Le peuple camerounais, interpellé, vous répond. En premier lieu, à son grand étonnement, il se retrouve en face de comptables et de pique-sous, lui qui pensait avoir affaire à des athlètes de haut niveau habiles dans l’art du ballon panier. Vous voudrez donc pardonner au peuple camerounais d’admettre maintenant, avec le recul, que tant de têtes bourrées de chiffres ne pouvaient en toute logique commander aux mains de caresser le ballon dans le sens du panier. La défaite était donc inéluctable.
En second lieu, il faut se garder de nous injurier. Chacun a ses problèmes, certes, et la solidarité est de mise. Mais, de mémoire de membre du peuple camerounais, je n’ai jamais entendu parler de grévistes logés dans un palace entouré de parcs piqués de terrains de golf et de palmiers en fleurs et, surtout, avec comme voisin le président de la République.
Troisièmement, le peuple camerounais, qui reconnaît votre droit de râler, ne vous a rien demandé. Il n’attend rien de vous et s’insurge contre l’incroyable morgue avec laquelle le moindre pousse-ballon au pays exige la reconnaissance du peuple entier, les passe-droits de tout genre, les places assises dans le train. Vous vous adonnez à une activité privée qui ne concourt en rien au bien-être d’un grand nombre de Camerounais. Vous jouez au ballon pour vous, pour votre subsistance et pour votre bonheur. Nous vous applaudissons parfois, et c’est bien ainsi.
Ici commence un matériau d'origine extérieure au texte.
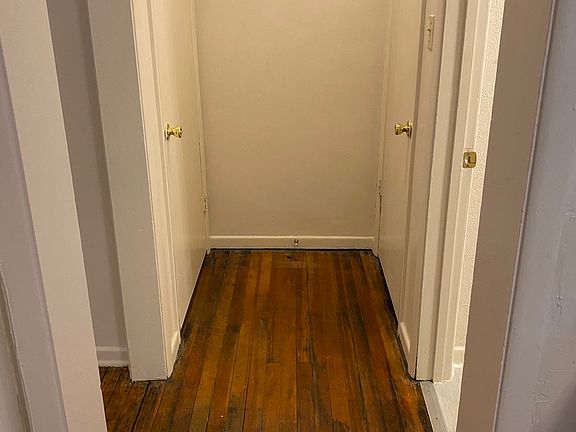 3rd image of 604 Logan Ave #604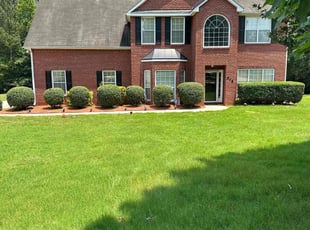 Bush Trimming by Alexander Matthews for Kenneth S. in McDonough, GA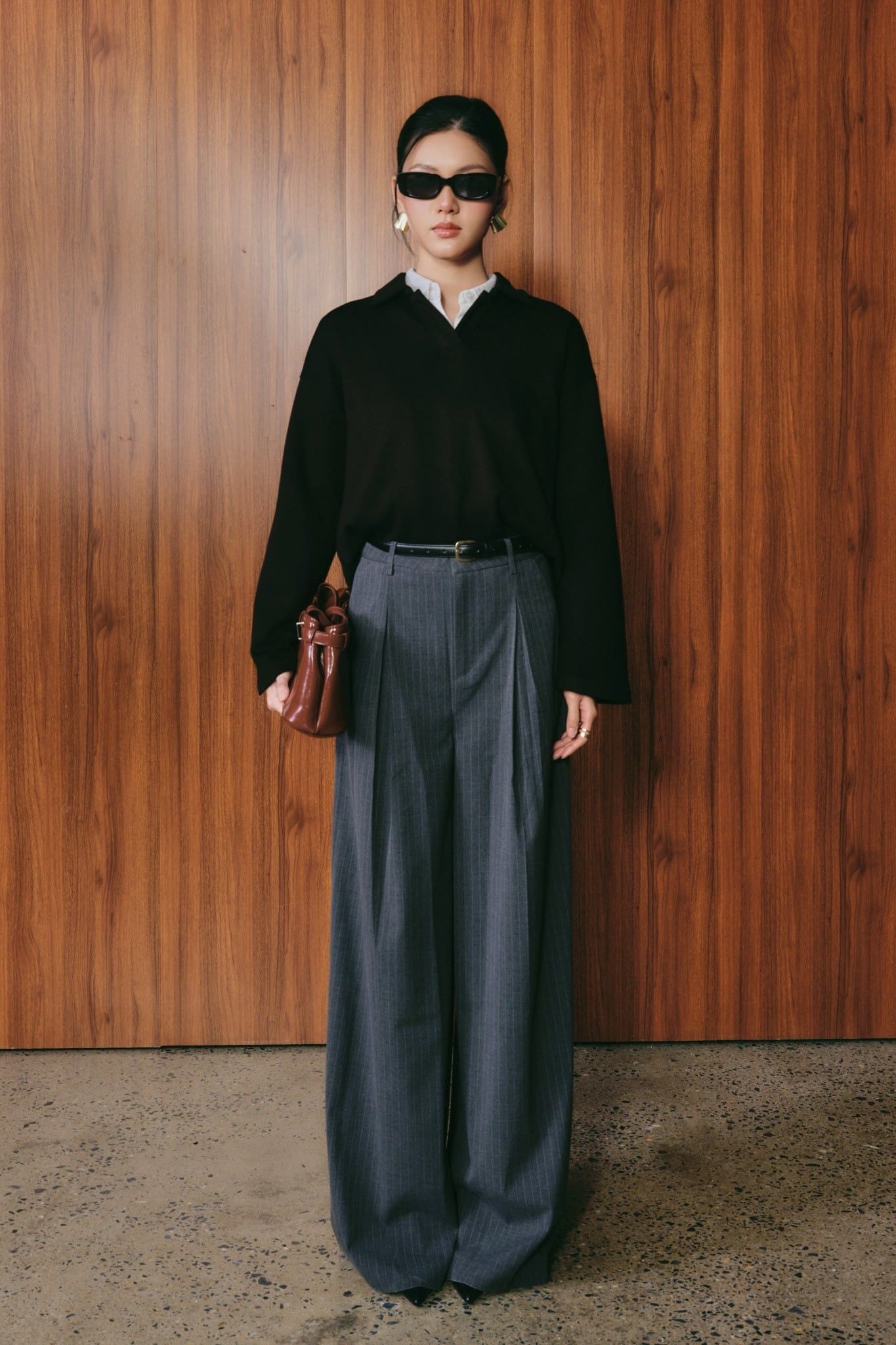  Áo Nỉ Nữ Cổ V Tay Loe Vải Scuba Mỏng 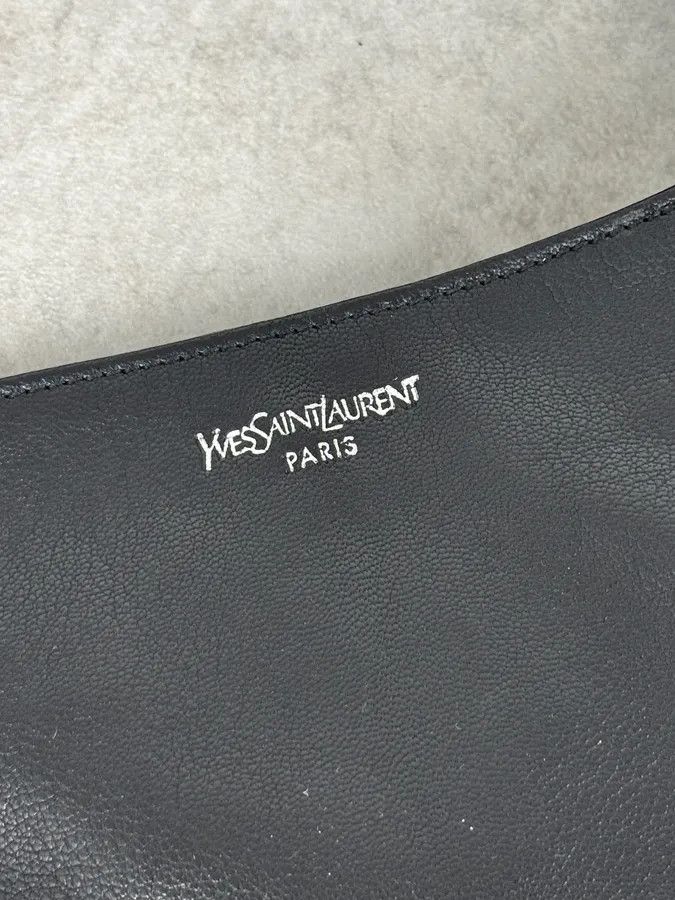 Yves Saint Laurent Yves Saint Laurent Black Mala Horn Handle bag Size ONE SIZE - 15 Thumbnail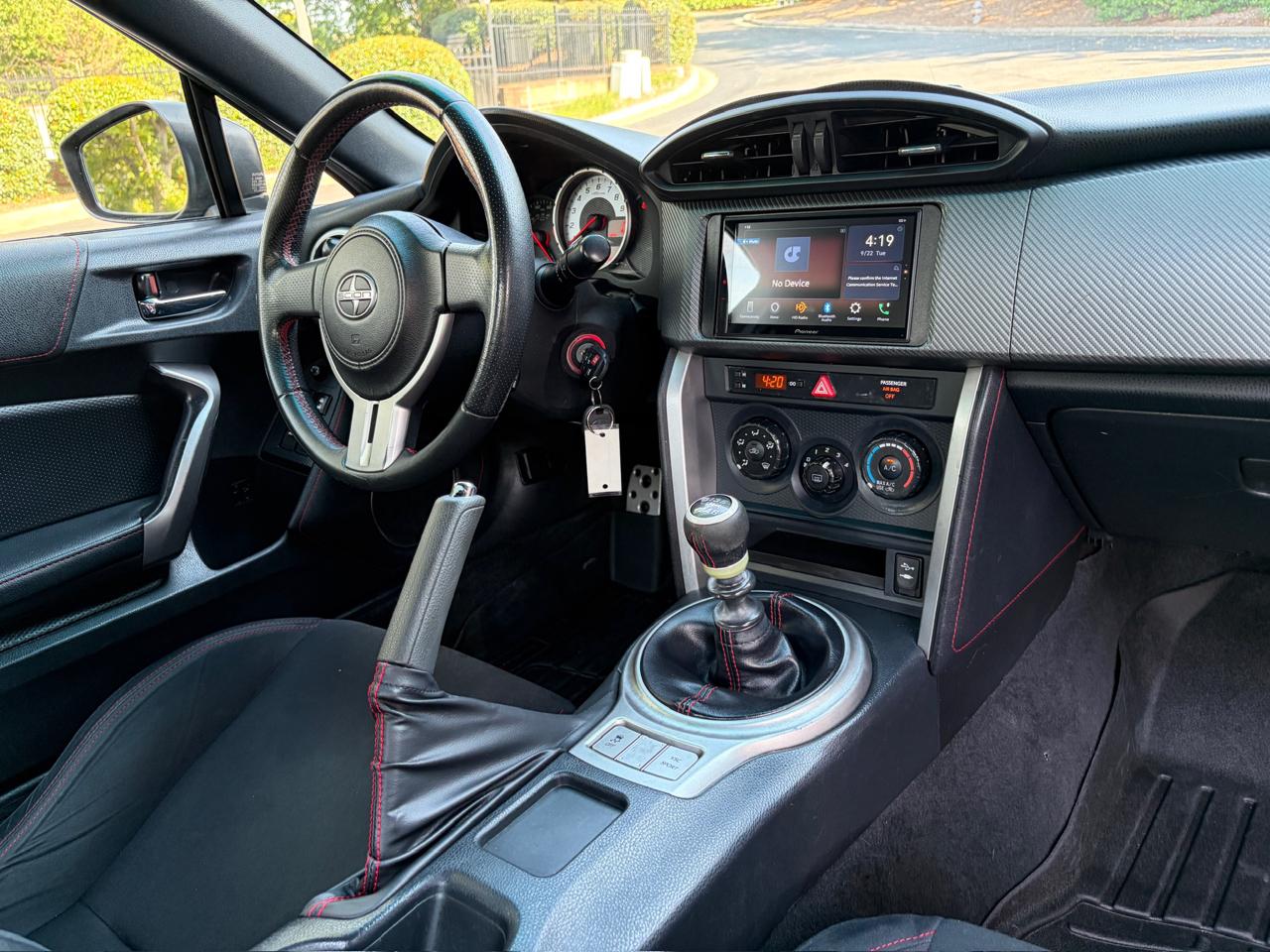 Scion FR-S 6MT 2015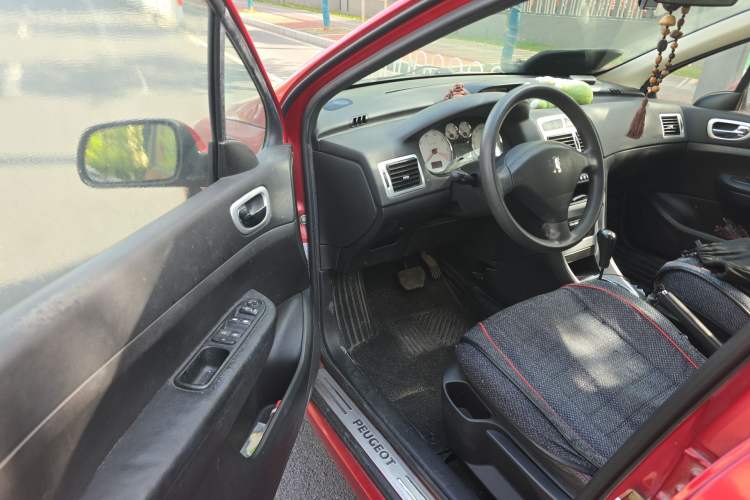 Used Peugeot 307 2010 Sedan 1.6L Automatic Comfort Edition Driver Seat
De grâce, laissez tomber la rengaine du sacrifice que vous avez consenti pour nous. Votre activité, ouvrez-vous les yeux, n’a pas l’impact du travail d’une infirmière au centre de santé de Lolodorf, du courage d’un jeune garçon portant un fusil à Kousséri ni de la mère célibataire qui vend des beignets pour envoyer ses enfants à l’école.
Cela dit, le peuple camerounais n’a pas vraiment d’opinion sur l’à-propos de vos revendications et ne souhaite pas en avoir. Que cela ne vous empêche surtout pas de continuer. 15 millions, mais pourquoi pas 20 ou 30 ? Obtenez autant que vous pourrez, mais laissez le peuple camerounais, qui en passant vous félicite de payer vos impôts, tranquille.